Существовавшие в эпоху судебников судебные мужи и целовальники не могут в строгом смысле считаться прототипом русских присяжных заседателей. Они не были судьями в настоящем смысле слова. Между ними и судьею была проведена граница. Судья -- воевода, наместник, тиун -- творил суд, т. е. разбирал дело и постановлял приговор, а судные мужи и целовальники "сидели" с ним, чтобы "беречи правду, по крестному целованию, без всякой хитрости". Беречь правду -- значило наблюдать, чтобы суд творился согласно установившемуся обычаю, чтобы все, что записывается в судный список, происходило в действительности. Свидетели всего происходящего на суде -- они удостоверяли своею подписью, а в некоторых случаях и показанием, достоверность содержания судного списка и получали с него копию. Таким образом, целовальники входили в состав лиц, которые содействовали, по смыслу царского судебника, правильному производству суда, но их функции были ограничены, и по существу дела они не высказывались. Притом, целовальники существовали не повсеместно, не при всех судах. С первой половины XVII столетия общины, которые в XVI столетии горячо испрашивают себе право иметь своих целовальников при суде воевод и наместников, перестают заботиться об этом праве, целовальники утрачивают свой первоначальный характер и к половине XVII века совершенно исчезают.

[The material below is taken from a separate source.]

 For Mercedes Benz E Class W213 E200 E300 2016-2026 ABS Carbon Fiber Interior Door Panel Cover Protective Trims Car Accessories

Не в этом исчезнувшем и позабытом учреждении могли найти составители Уставов основы для устройства суда присяжных. Современный суд не нуждается более в присутствии выборных исключительно для надзора за правильностью действий, за исполнением обрядов. Наука и практика выработали более простые и определенные средства гарантировать участвующих в деле, и целовальники XVI века представляли не многим больший материал для организации суда присяжных, чем понятые и добросовестные отживших судебных порядков. Учреждение целовальников указывало лишь на то, что правительство в период наибольшего развития земской жизни в древней Руси признавало возможным призывать выборных от местного общества для присутствования при отправлении уголовного суда. Но задача суда присяжных -- и выше, и шире. Воскрешенное из мертвых, учреждение целовальников нисколько не подвинуло бы дореформенного судоустройства. Дело шло о передаче самого суда, самого произнесения приговора в другие руки, о призыве в суд представителей общества не для присутствия в качестве наблюдателей и достоверных свидетелей происходящего, а об обязанности их являться выразителями общественной совести в произносимом ими приговоре.

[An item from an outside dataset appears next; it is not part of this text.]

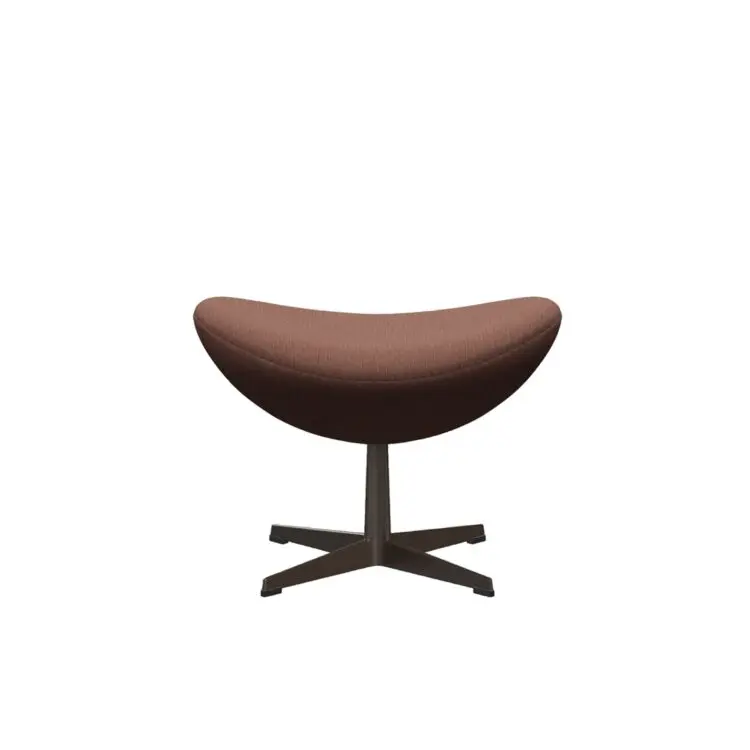 Der Egg-Fusshocker in Beige und Orange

Сословная организация старых судов представляла участие выборного элемента в самом разрешении дела. Сословные заседатели при постановлении приговора подавали голоса наравне с выборным председателем и коронным товарищем председателя. Есть мнение, что они были своего рода присяжными заседателями. Некоторые юристы-практики, действовавшие при старых судах, утверждают, что сословные заседатели и даже сенаторы в старых департаментах Сената являлись только судьями фактической стороны дела -- и, разрешая вопрос о виновности, предоставляли представителям коронного элемента, т. е. канцелярии, разрешение и разработку вопроса о наказании. Деятельность их была деятельностью присяжных -- и лишь со введением Судебных уставов явились у нас настоящие судьи. Поэтому составители Уставов нашли готовую почву для суда присяжных, нашли организацию, в которой этот суд уже действовал много лет, но только в другой форме. Задача их сводилась не к созданию чего-либо нового, не к заимствованию чего-либо чужого, а лишь к видоизменению существующего.
С этим взглядом нет возможности согласиться. Между сословными заседателями и присяжными -- целая пропасть. Они существенно разнятся не только по своему происхождению, по условиям своего появления в суде, но и по объему своей деятельности. Одни представители сословий, другие представители общества по всей его совокупности, одни пассивные деятели суда, действующего на основании теории формальных доказательств, другие активные судьи по совести, не стесняемые формальными предписаниями закона, не вдвинутые в узкие рамки предустановленных доказательств.
Устанавливая органическую связь и преемство между заседателями старого суда и присяжными, забывают одно -- теорию формальных доказательств. Эта теория одна из первых пала под ударами надвигавшейся реформы. Отмена ее -- основное начало нового судопроизводства. Гласность и устность суда, самостоятельность судей -- все это было бы сделано наполовину, все это не достигало бы своей цели, если бы осталась теория формальных доказательств. Она опутывала бы судей и связывала их во всех случаях, где живое существо дела не укладывается в заранее отмеренные и взвешенные формы, где механическая, внешняя оценка доказательств идет вразрез с их содержанием и действительною силою.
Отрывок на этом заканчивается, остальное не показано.